Intrinsic localized modes in a monatomic lattice with weakly anharmonic nearest-neighbor force constants

Abstract

The frequencies of anharmonic local modes in one-, two-, and three-dimensional lattices have been obtained analytically by combining the rotating-wave approximation with some of the formalism used previously to characterize defect modes in harmonic crystals. For weak anharmonicity these modes become delocalized, while they take on the vibrational pattern of a small molecule when the anharmonicity becomes large. The first-order corrections to the rotating-wave approximation are found to be small for any anharmonicity parameter, verifying that this approximate method of analysis can be used to separate the equations of motion.
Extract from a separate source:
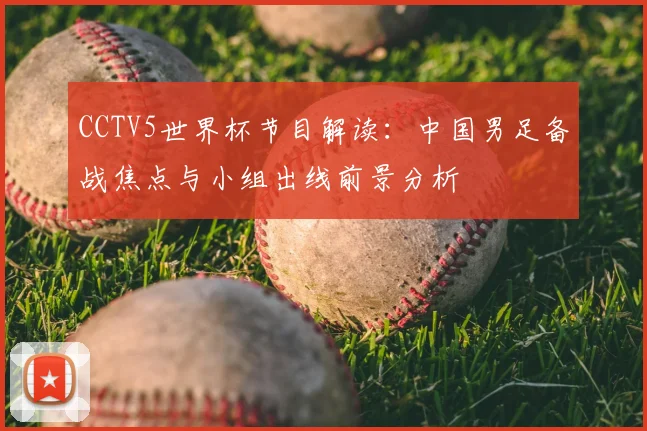 CCTV5世界杯节目解读:中国男足备战焦点与小组出线前景分析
This identification of the weak-anharmonicity limit permits us for the first time to address the question of the existence of anharmonic local modes in real crystals. With anharmonic parameters similar to those found in alkali-metal halide crystals, the energy needed to produce these modes in all three dimensions is estimated. We find that thermal motion alone does not provide enough amplitude to support these modes in a lattice with the anharmonicity of pure LiF. On the other hand, at some defect sites the requirements could be less severe, and anharmonic modes might be generated by a nonthermal process such as an optical excitation of the F center, which introduces an energy equivalent of ∼40-Debye phonons into the lattice. The large anharmonicities found in solid He and near ferroelectric systems should provide more friendly environments for these modes.